Company grants to Sponsor the right to be a named sponsor of the Summit. Sponsor understands that this right is not exclusive and agrees that there may be other sponsors and/or advertisers of the Summit whose advertising will be published or placed in the Summit promotional materials.
5. Intellectual Property Ownership and License.
Company’s Property. Sponsor acknowledges and agrees that all content, presented and created within the scope of this Agreement are the sole property of Company and are protected by copyrights, trademarks, service marks, patents or other proprietary rights and laws.

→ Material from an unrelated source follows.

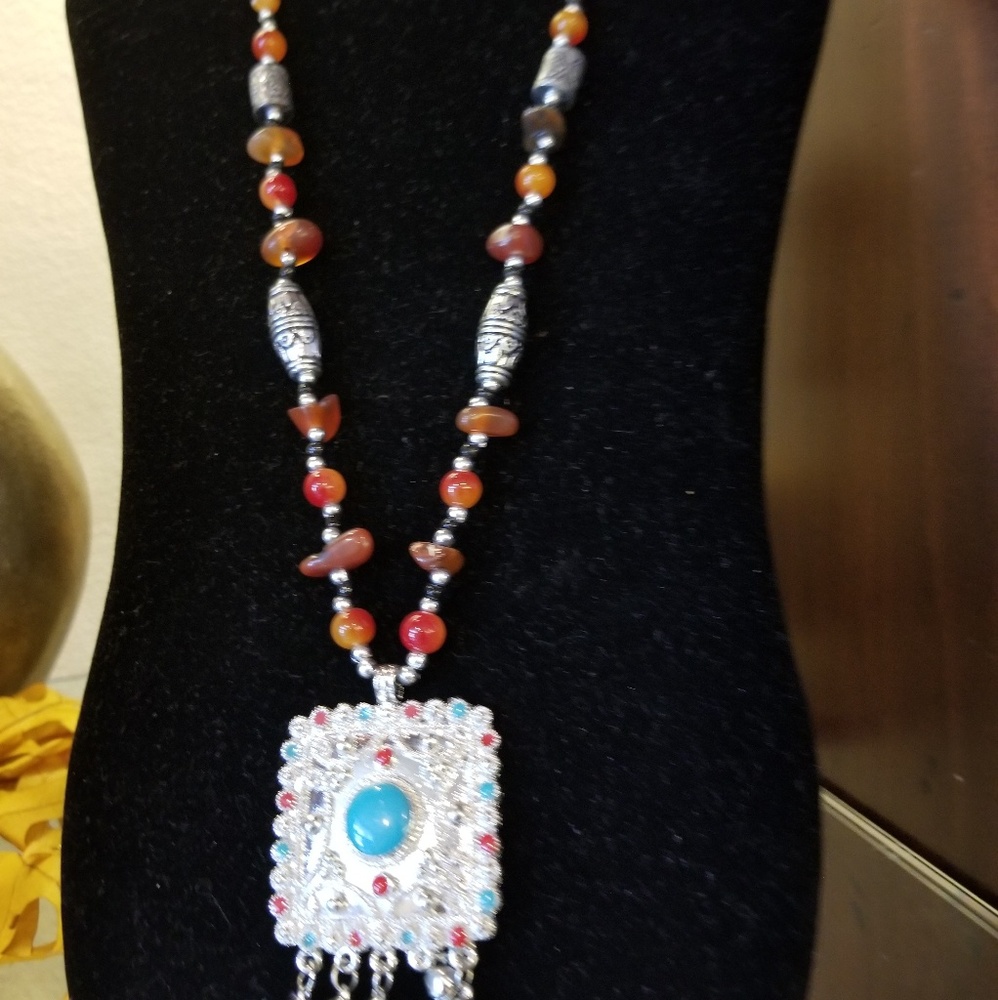 Beaded necklace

Any unauthorized use of Company’s materials shall be deemed a violation of Company’s intellectual property rights and shall result in criminal and/or civil penalties.

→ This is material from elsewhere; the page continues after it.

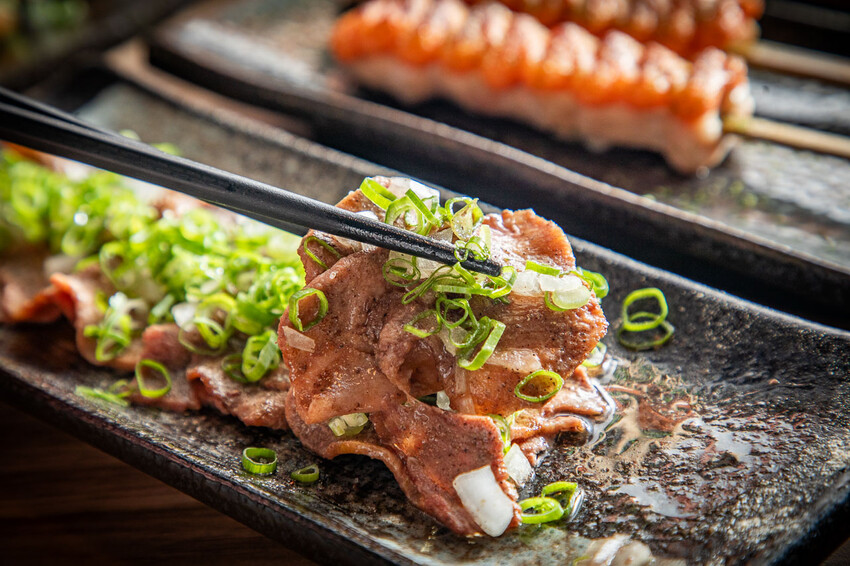 暮樂町居酒屋|零負評!炭火燒烤超好吃,新開幕小清新文青居酒屋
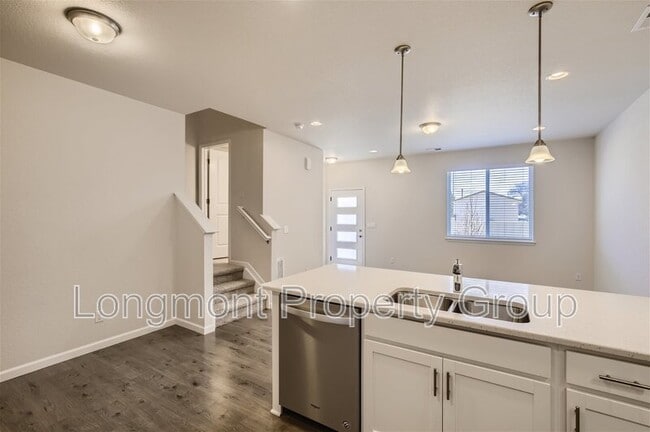 Building Photo - 679 Stonebridge Dr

Sponsor License. Sponsor grants to Company a non-exclusive, irrevocable, worldwide license to use Sponsor’s logos, images, likeness, or other proprietary information in the promotion, for the purposes of this Agreement only throughout the Term.
6. Taxes.
Sponsor will be responsible for all sales and use taxes that may be due in connection with the Fee.
7. Indemnification.
Each party agrees to indemnify, defend, and hold the other party harmless from all foreseeable claims, losses, expenses, fees (including reasonable attorneys’ fees) costs, and judgments, that may be asserted against the other party that results from its breach of this Agreement, its negligence, or its willful misconduct.
8. Limitation of Liability.
Neither party will be liable for breach of contract damages that are remote or speculative, or that the breaching party could not reasonably have foreseen when entering into this Agreement. Notwithstanding the foregoing, a party will be liable for a breach of contract for cause. The breaching party shall have a period of 48 hours to cure the breach (“Cure Period”).
9. Term and Termination.
The Term of this Agreement shall commence on the Effective Date and will remain in effect until terminated or until the Parties have fulfilled their contractual obligations, whichever comes first. Either party may terminate this Agreement at any time by written notice to the other party.
10. Confidentiality.
The Parties agree that the terms of this Agreement, and any information disclosed during the Term of this Agreement, are confidential and that Parties will not disclose such terms other than to their employees, contractors, financial advisors and attorneys on a “need to know” basis who are committed to maintaining such confidentiality. This provision will remain in full force and effect for so long as such information is not disclosed through legitimate means.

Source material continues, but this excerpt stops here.